Tustin AW, Lamson GE, Jacklitsch BL, Thomas RJ, Arbury SB, Cannon DL, Gonzales RG, Hodgson MJ. MMWR Morb. Mortal. Wkly. Rep. 2018; 67(26): 733-737.

Copyright

(Copyright © 2018, (in public domain), Publisher U.S. Centers for Disease Control and Prevention)

DOI

10.15585/mmwr.mm6726a1

PMID

29975679

Abstract

Heat stress, an environmental and occupational hazard, is associated with a spectrum of heat-related illnesses, including heat stroke, which can lead to death. CDC's National Institute for Occupational Safety and Health (NIOSH) publishes recommended occupational exposure limits for heat stress (1). These limits, which are consistent with those of the American Conference of Governmental Industrial Hygienists (ACGIH) (2), specify the maximum combination of environmental heat (measured as wet bulb globe temperature [WBGT]) and metabolic heat (i.e., workload) to which workers should be exposed. Exposure limits are lower for workers who are unacclimatized to heat, who wear work clothing that inhibits heat dissipation, and who have predisposing personal risk factors (1,2). These limits have been validated in experimental settings but not at outdoor worksites.
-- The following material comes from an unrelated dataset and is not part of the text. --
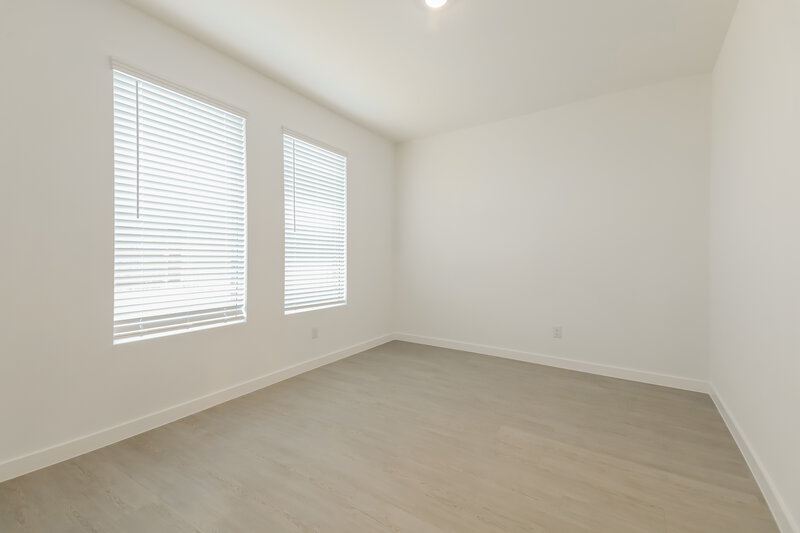 2,300/Mo, 2234 Mustang Ghost Trl Crandall, TX 75114 Flex Space View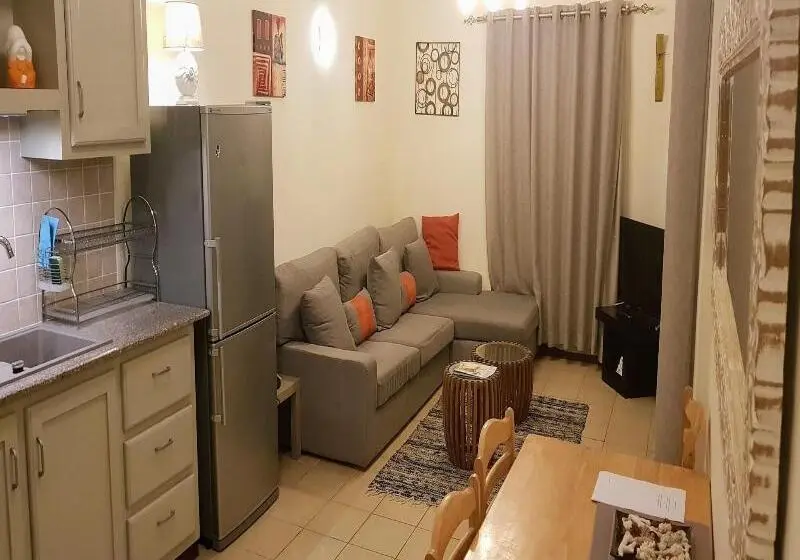 Paradya Beach Apartments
To determine whether the NIOSH and ACGIH exposure limits are protective of workers, CDC retrospectively reviewed 25 outdoor occupational heat-related illnesses (14 fatal and 11 nonfatal) investigated by the Occupational Safety and Health Administration (OSHA) from 2011 to 2016. For each incident, OSHA assessed personal risk factors and estimated WBGT, workload, and acclimatization status. Heat stress exceeded exposure limits in all 14 fatalities and in eight of 11 nonfatal illnesses. An analysis of Heat Index data for the same 25 cases suggests that when WBGT is unavailable, a Heat Index screening threshold of 85°F (29.4°C) could identify potentially hazardous levels of workplace environmental heat. Protective measures should be implemented whenever the exposure limits are exceeded. The comprehensive heat-related illness prevention program should include an acclimatization schedule for newly hired workers and unacclimatized long-term workers (e.g., during early-season heat waves), training for workers and supervisors about symptom recognition and first aid (e.g., aggressive cooling of presumed heat stroke victims before medical professionals arrive), engineering and administrative controls to reduce heat stress, medical surveillance, and provision of fluids and shady areas for rest breaks.